Tras sus recientes visitas a París durante la Semana de la Moda y un breve viaje a Nueva York junto al príncipe Harry, Meghan Markle volvió a captar la atención, esta vez en Washington. La duquesa participó en la cumbre «Fortune Most Powerful Women», un foro exclusivo que reúne a las mujeres más influyentes del mundo de los negocios, la política, la filantropía y el arte. Para este evento, se mantuvo fiel a su nuevo estilo, que cada vez genera más debate.

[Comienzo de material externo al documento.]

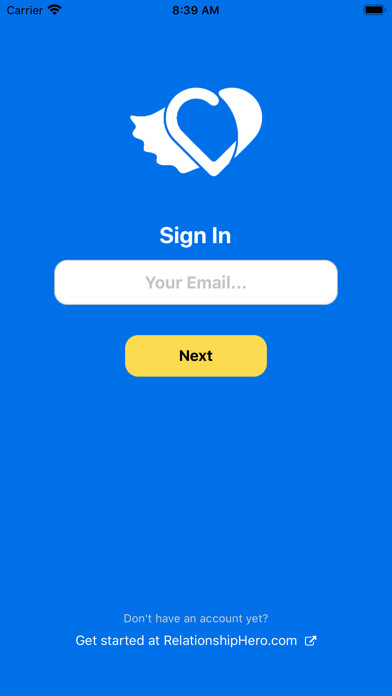 Emulate iPhone app Relationship Hero using MyAndroid Emulate iPhone app Relationship Hero using MyAndroid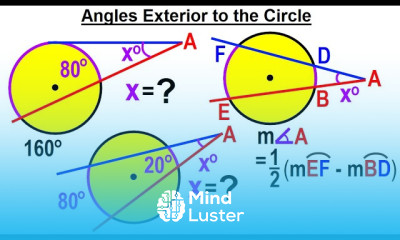 Geometry Ch 6 Circles 20 of 39 Angles Exterior to the Circle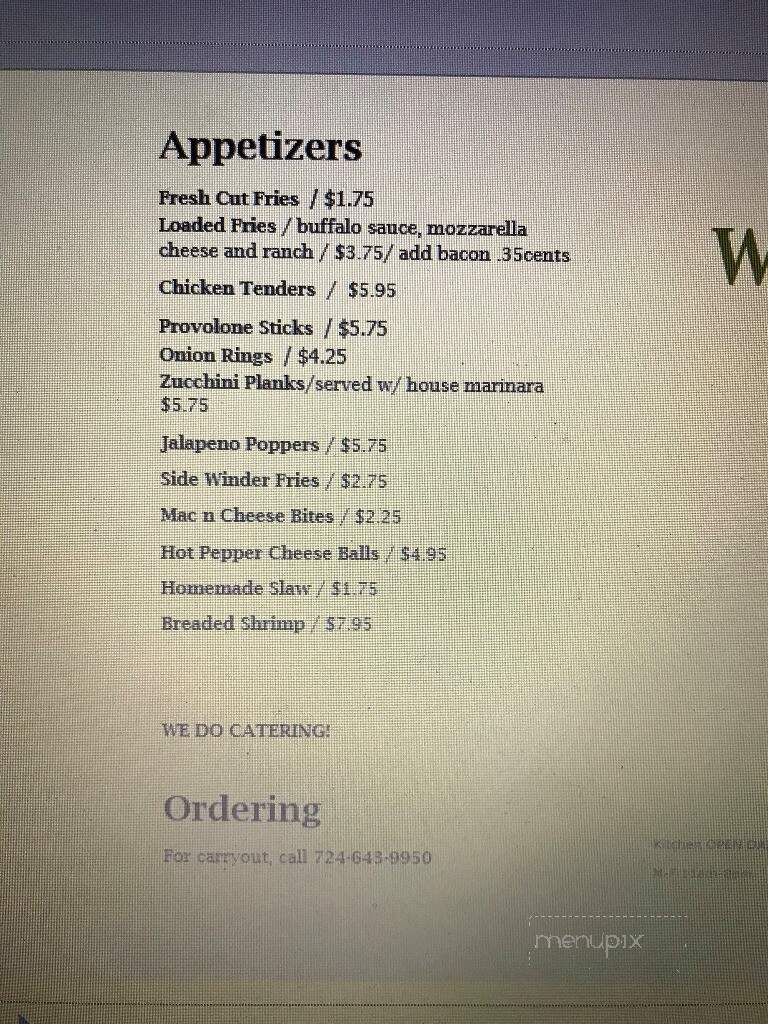Wunder Bar & Restaurant - Midland, PA menu_pic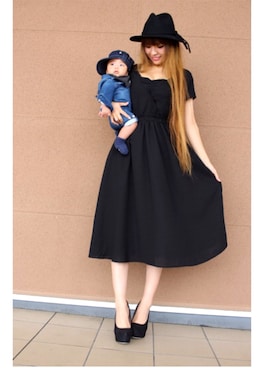 「babyGAP（babyGAP）のアイテム（つなぎ/オールインワン）」を使った、kumiさん（レディース・166cm）の夏コーディネート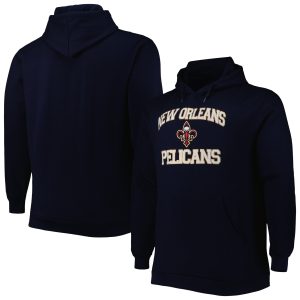 New Orleans Pelicans Navy Big & Captivating Tall Heart & Soul Pullover Hoodie Unbeatable style! Get this stylish jersey now.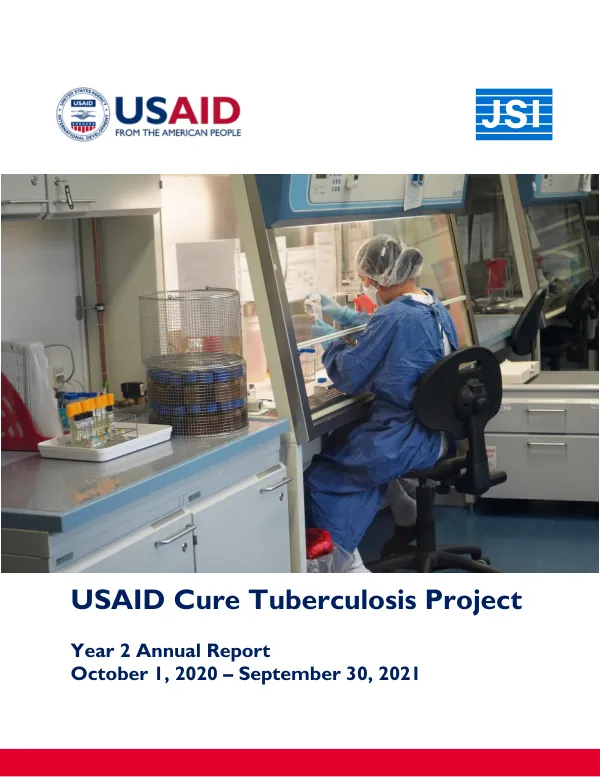Year 2 Annual Report: Cure Tuberculosis Project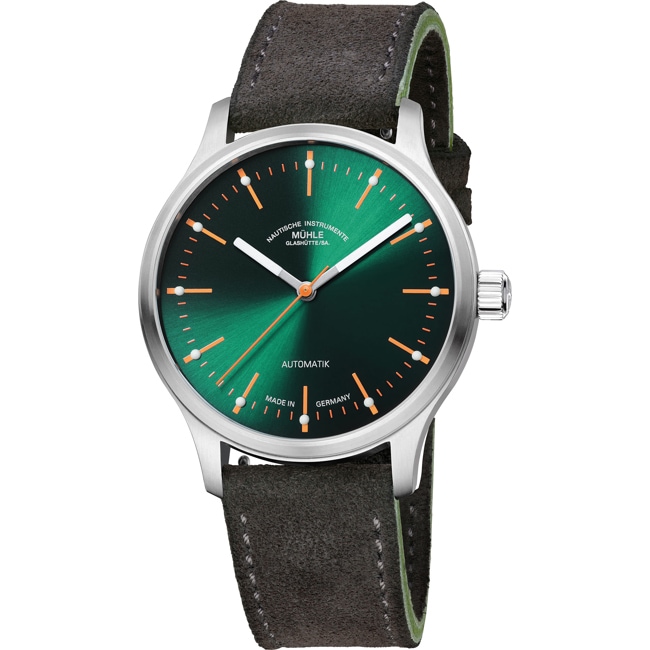 Mühle-Glashütte Panova Vert / Velours - M1-40-76-LBV-I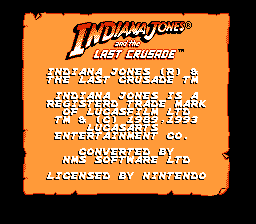 Indiana Jones and the Last Crusade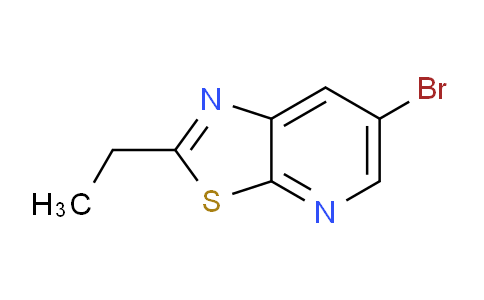 CAS No. 1307291-19-5, 6-Bromo-2-ethylthiazolo[5,4-b]pyridine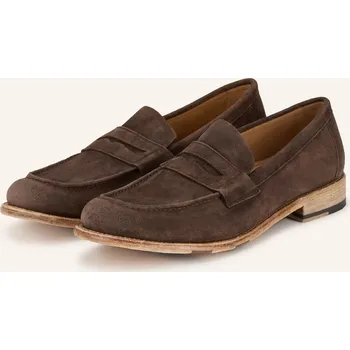 Pánské mokasíny Cordwainer Penny Loafers, tmavě hnědá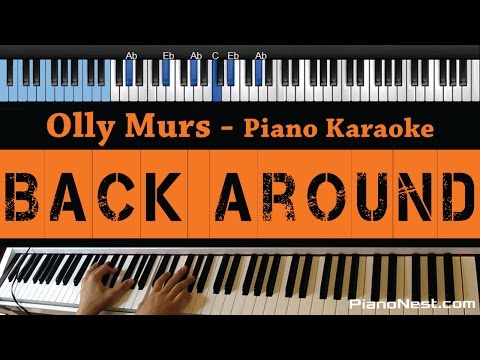 Olly Murs – Back Around – LOWER Key (Piano Karaoke / Sing Along)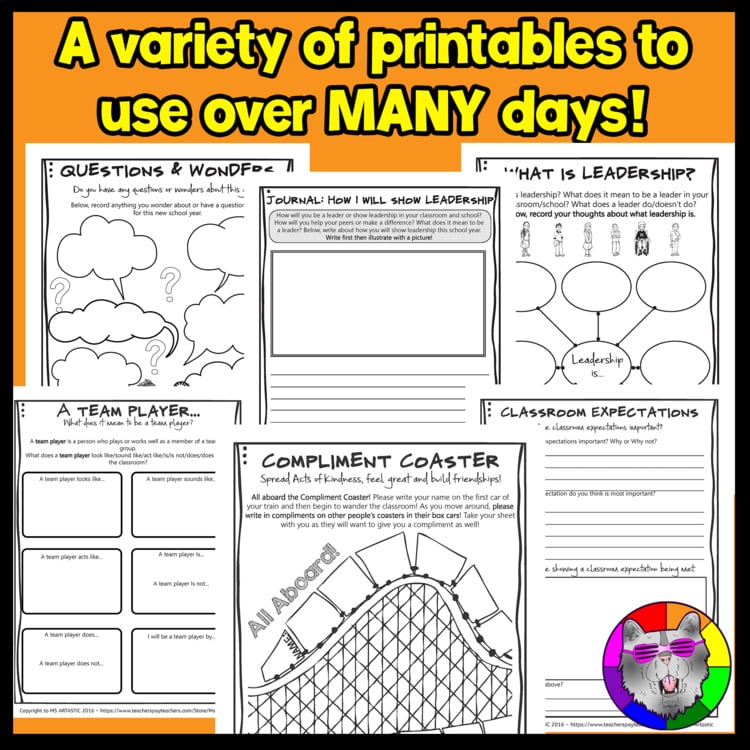 Back To School First Week Activities Get to Know You Middle School All About Me – image 4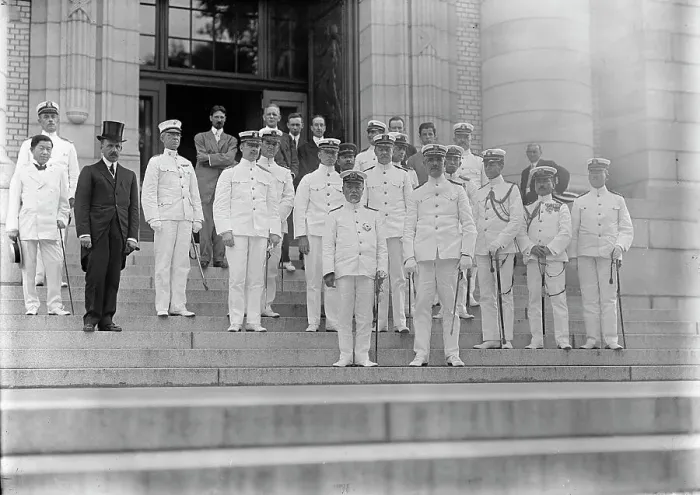 Framed Print : Marshal-Admiral the Marquis Togo Heihachiro, U.S.Naval Academy, Annapolis, Maryland, 1911. Creator: Harris & Ewing. Marshal-Admiral the Marquis Togo Heihachiro, U.S.Naval Academy, Annapolis, Maryland, 1911. Creator: Harris & Ewing Framed Print : Marshal-Admiral the Marquis Togo Heihachiro, U.S.Naval Academy, Annapolis, Maryland, 1911. Creator: Harris & Ewing. Marshal-Admiral the Marquis Togo Heihachiro, U.S.Naval Academy, Annapolis, Maryland, 1911. Creator: Harris & Ewing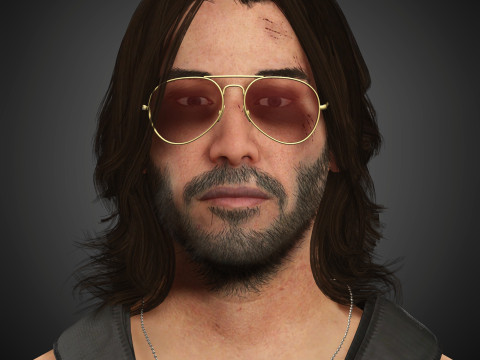 Johnny Silverhand Character 3D Model
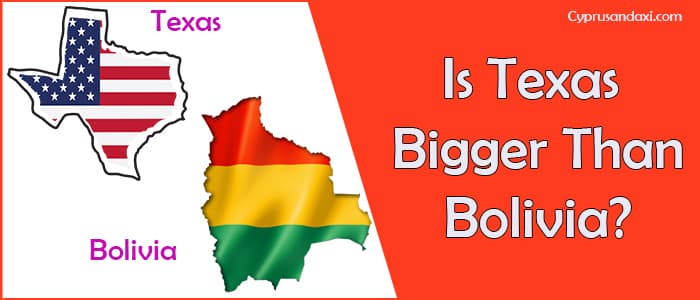 Is Texas Bigger than Bolivia
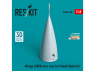 ResKit avion RSU48-0405 Cône de nez Mirage 2000N pour kit Kinetic/Italeri imprimé en 3D 1/48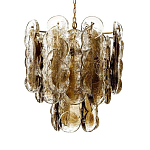 Люстра из круглых стеклянных элементов Vienna варинант исполнения - 1 | Loft Concept в Сочи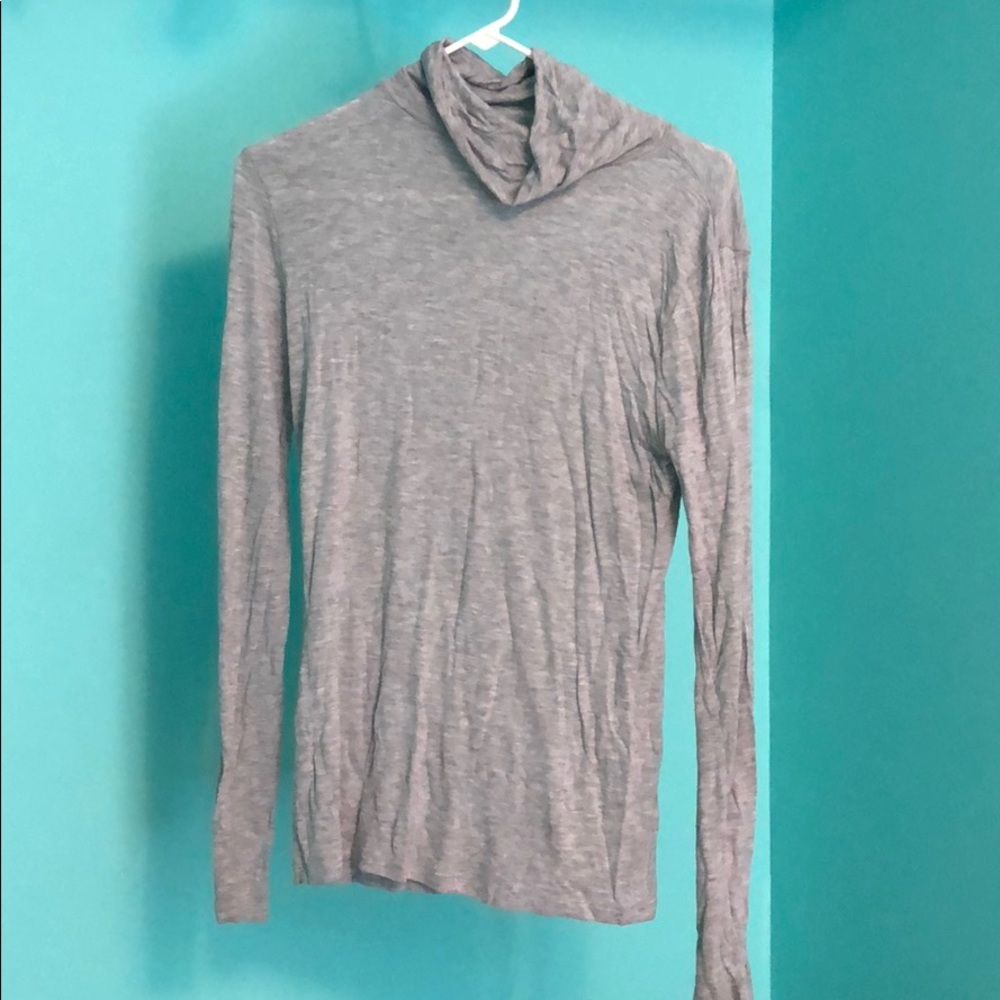 Gray Turtleneck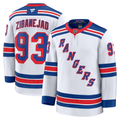 Men's New York Rangers Mika Zibanejad Fanatics White Away Premium Jersey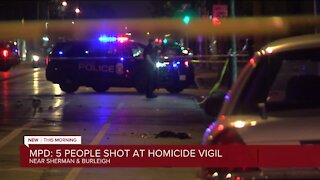 5 people shot at Milwaukee vigil for 16-year-old homicide victim, police say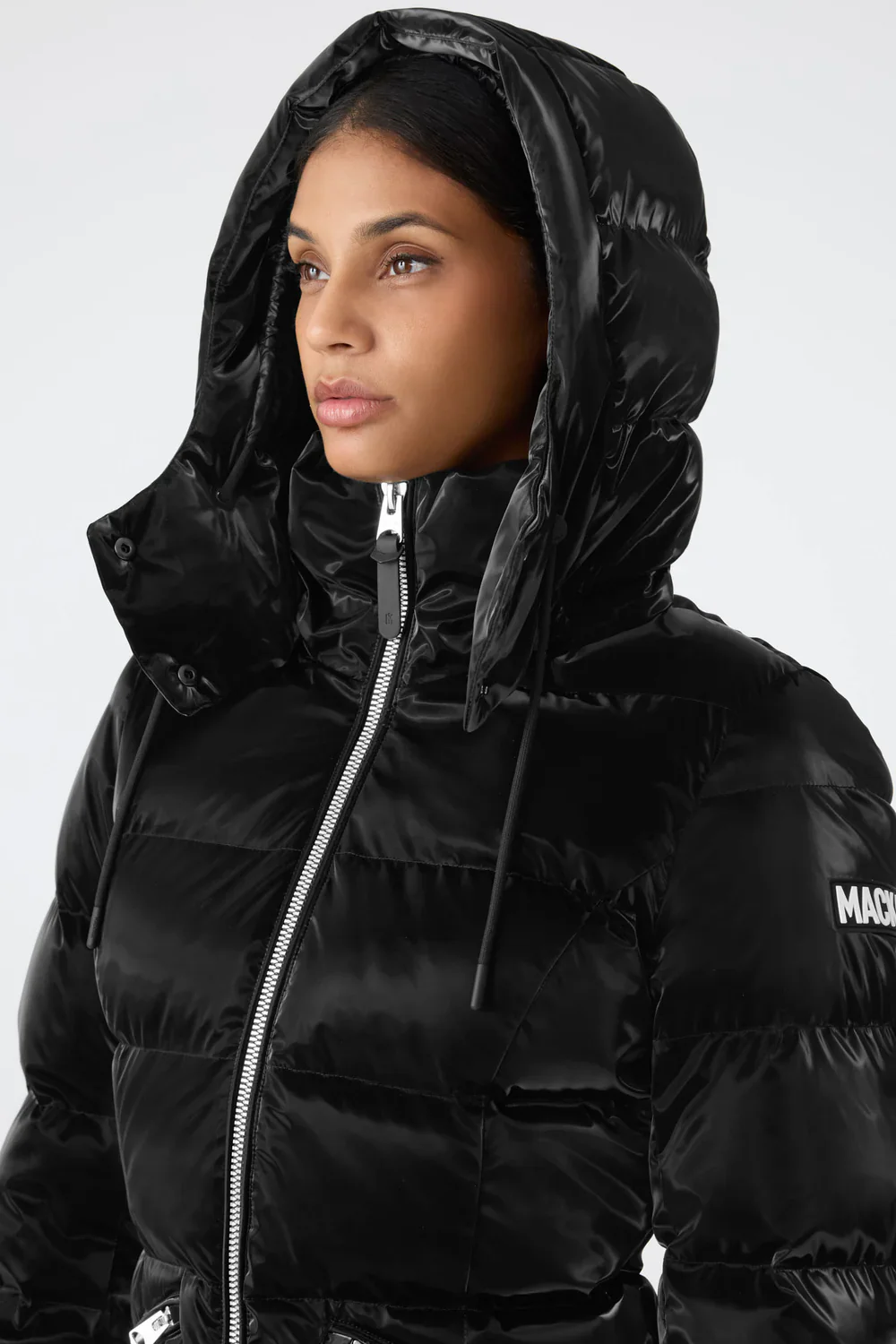 Mackage Womens Down Jacket Madalyn-Glo - Black - Image 4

En los últimos tiempos, Meghan muestra claramente su inclinación por la estética del «lujo silencioso». Este concepto implica rechazar logotipos llamativos y cortes ostentosos en favor de materiales de calidad impecable, cortes refinados y una confección cuidada. Su vestuario se llena cada vez más de prendas atemporales en una paleta de colores neutros. El minimalismo, que ya le era propio, ha alcanzado su punto culminante. Parece que en sus looks ya no hay espacio para tonos vivos o volúmenes atrevidos que tanto le gustaban hace apenas unos años. Ya vimos indicios de esta transformación en París, donde apareció con prendas de Balenciaga, una casa de raíces españolas, y el viaje a Nueva York solo confirmó este nuevo rumbo.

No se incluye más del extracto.